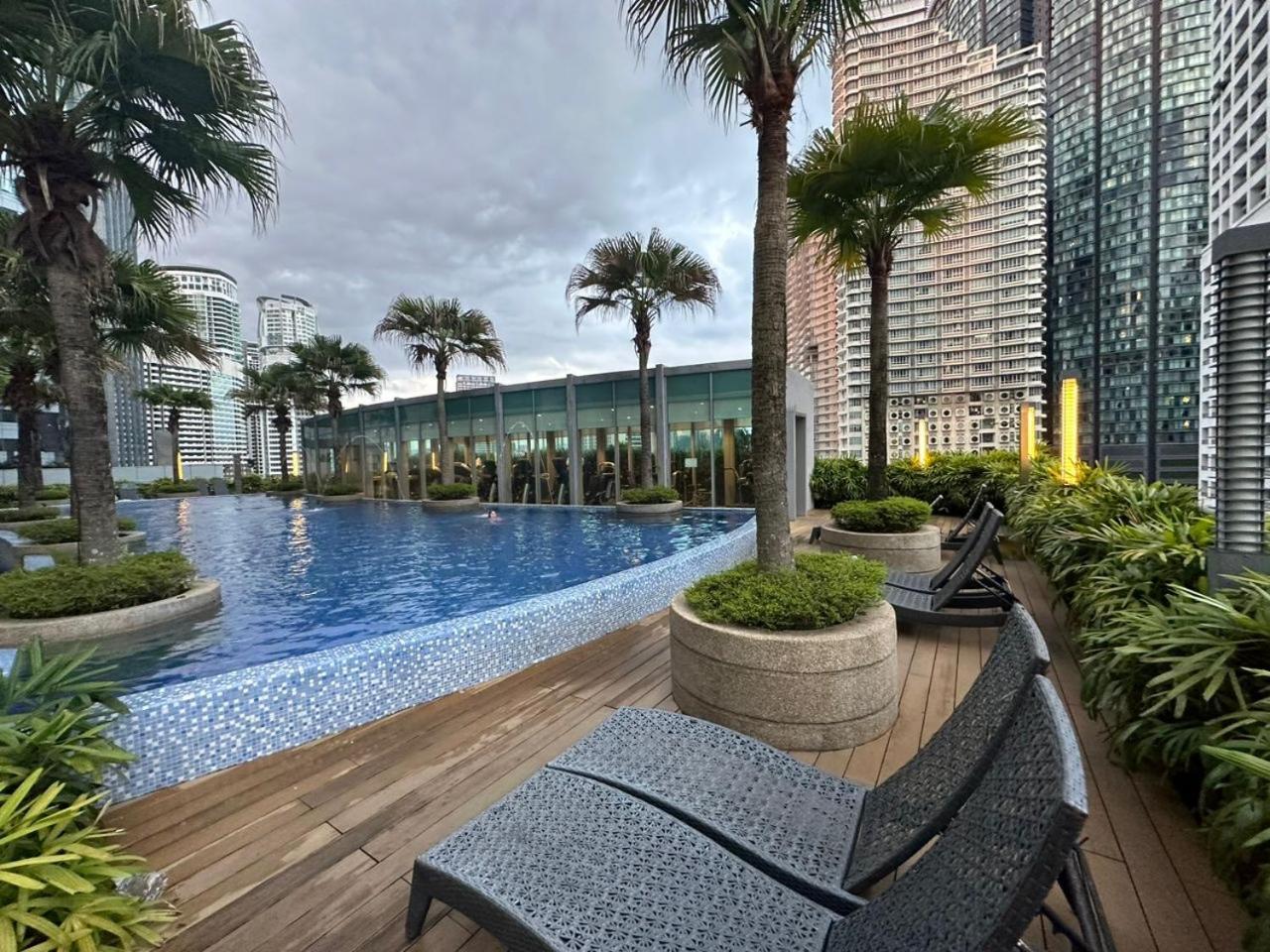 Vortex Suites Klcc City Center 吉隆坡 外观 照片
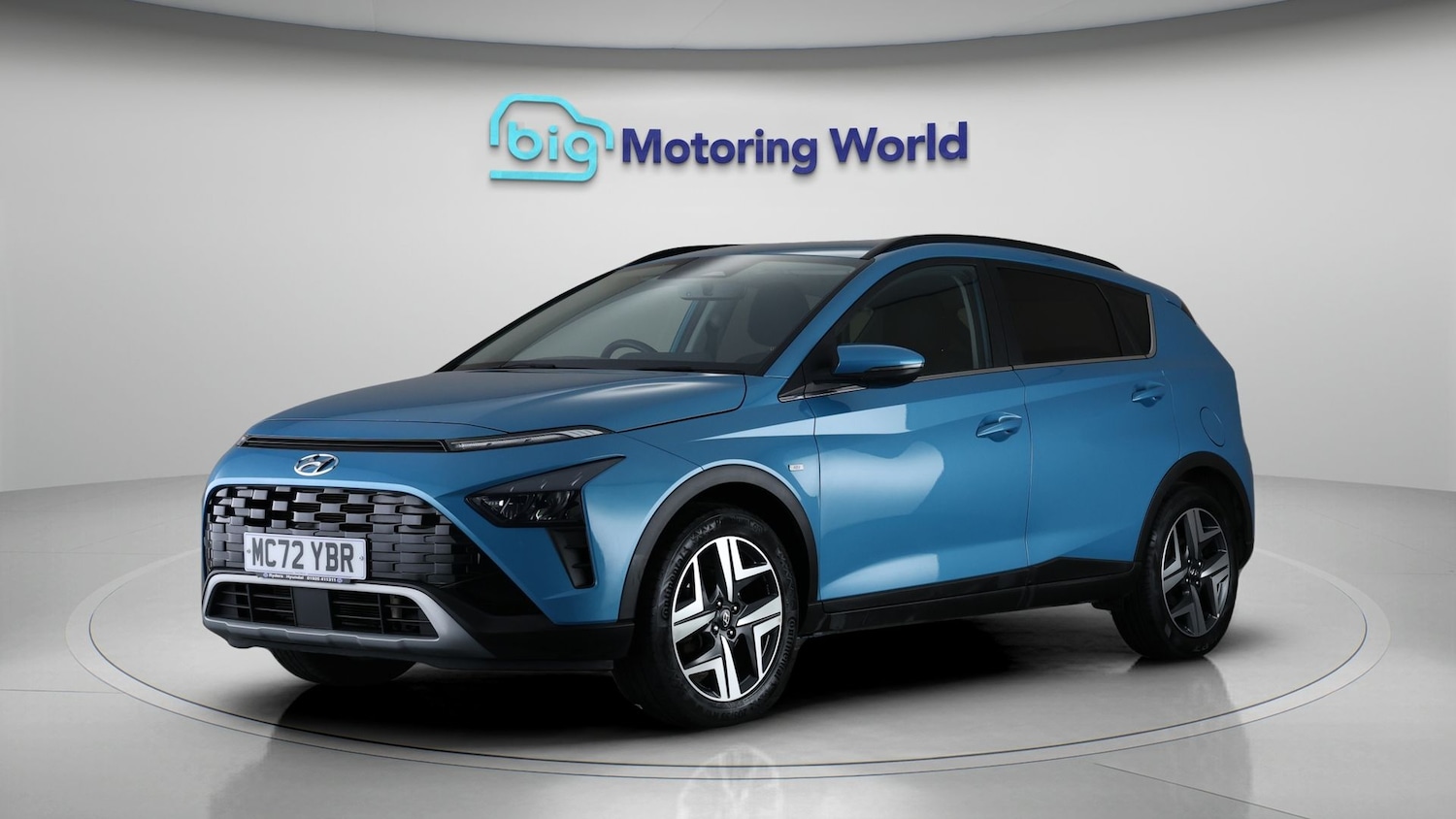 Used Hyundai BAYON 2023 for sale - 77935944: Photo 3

...

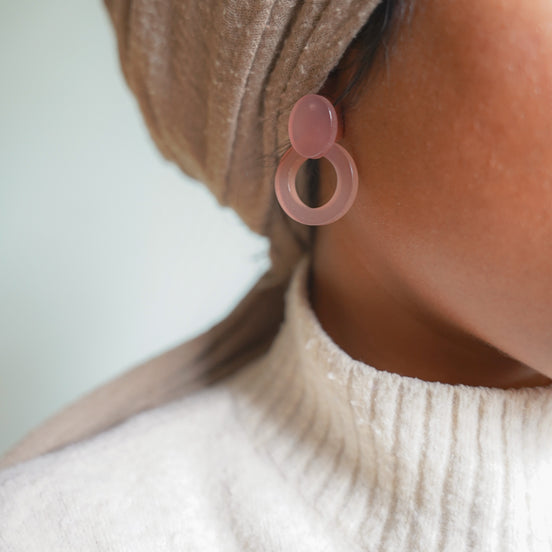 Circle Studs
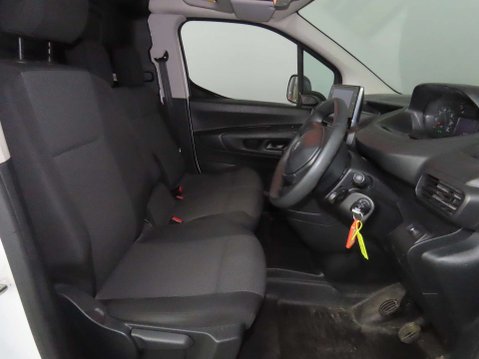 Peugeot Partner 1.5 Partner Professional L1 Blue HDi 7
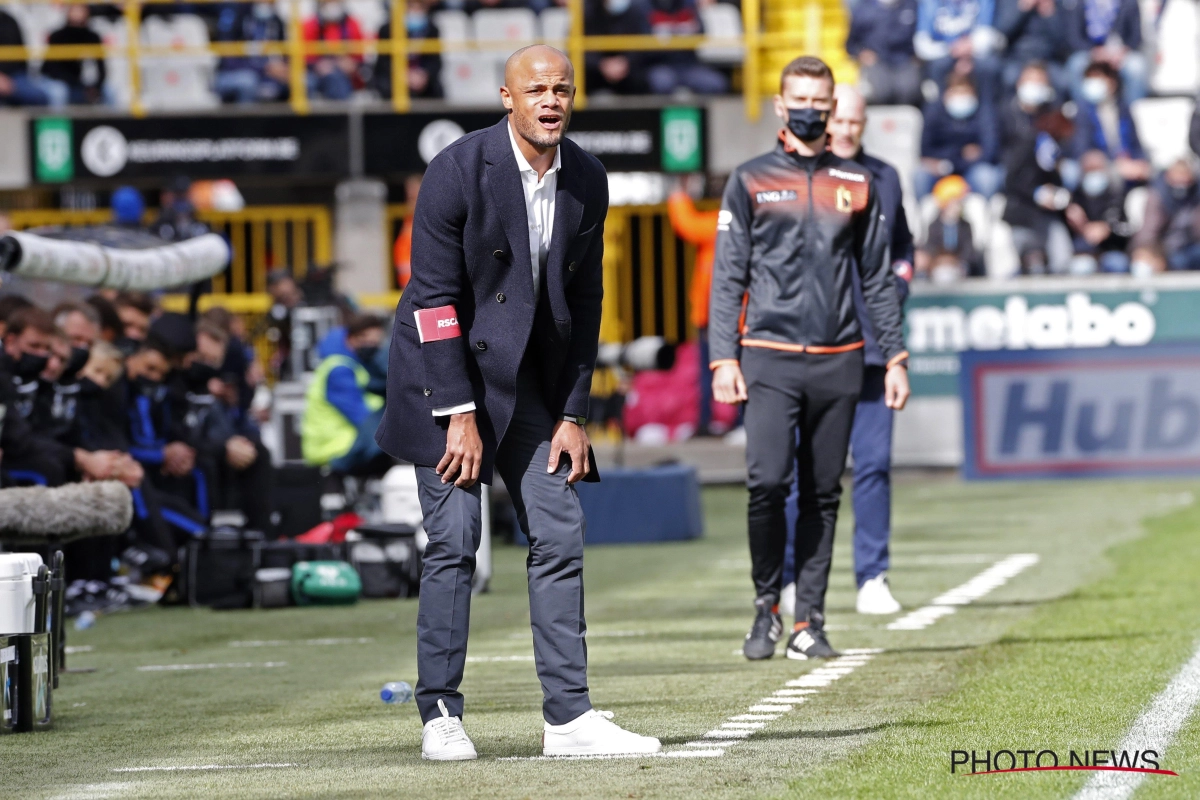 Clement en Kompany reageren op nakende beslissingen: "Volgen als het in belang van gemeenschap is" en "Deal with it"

● WHAT TO PRODUCE
Copy word for word only the lines above from the one with "Circle Studs" through the one with "Clement en Kompany". Leave pictures out.

● TASK OUTPUT
 Circle Studs
 Peugeot Partner 1.5 Partner Professional L1 Blue HDi 7
 Clement en Kompany reageren op nakende beslissingen: "Volgen als het in belang van gemeenschap is" en "Deal with it"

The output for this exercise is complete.